On the Complexity of the Interlace Polynomial
Markus Bl\"aser, Christian Hoffmann

TL;DR
This paper investigates the computational complexity of the interlace polynomial, proving it is #P-hard to evaluate at most points, with some exceptions, and explores related specializations and approximation hardness.
Contribution
It establishes the #P-hardness of evaluating the interlace polynomial at nearly all points, solving an open problem and analyzing special cases and approximation difficulty.
Findings
Interlace polynomial is #P-hard to evaluate at almost all points.
Evaluation complexity is known for a few specific lines, with some still open.

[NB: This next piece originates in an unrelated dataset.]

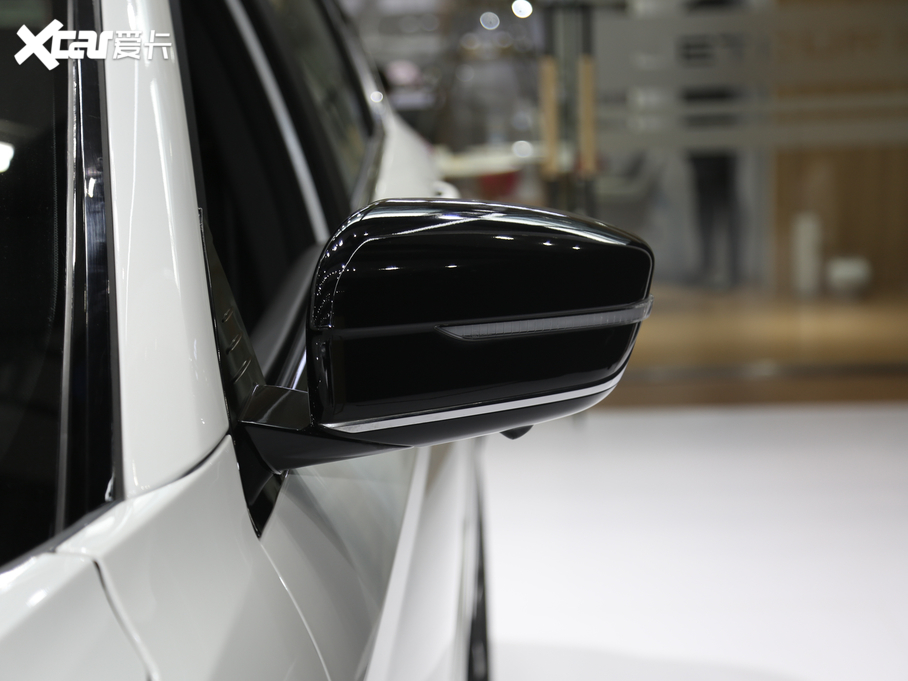 2020;X70 Coupe 1.6T DCT P(pn)LUS 7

Independent set polynomial is hard to approximate except at zero.
Abstract
We consider the two-variable interlace polynomial introduced by Arratia, Bollobas and Sorkin (2004). We develop graph transformations which allow us to derive point-to-point reductions for the interlace polynomial. Exploiting these reductions we obtain new results concerning the computational complexity of evaluating the interlace polynomial at a fixed point. Regarding exact evaluation, we prove that the interlace polynomial is #P-hard to evaluate at every point of the plane, except on one line, where it is trivially polynomial time computable, and four lines, where the complexity is still open. This solves a problem posed by Arratia, Bollobas and Sorkin (2004). In particular, three specializations of the two-variable interlace polynomial, the vertex-nullity interlace polynomial, the vertex-rank interlace polynomial and the independent set polynomial, are almost everywhere #P-hard to…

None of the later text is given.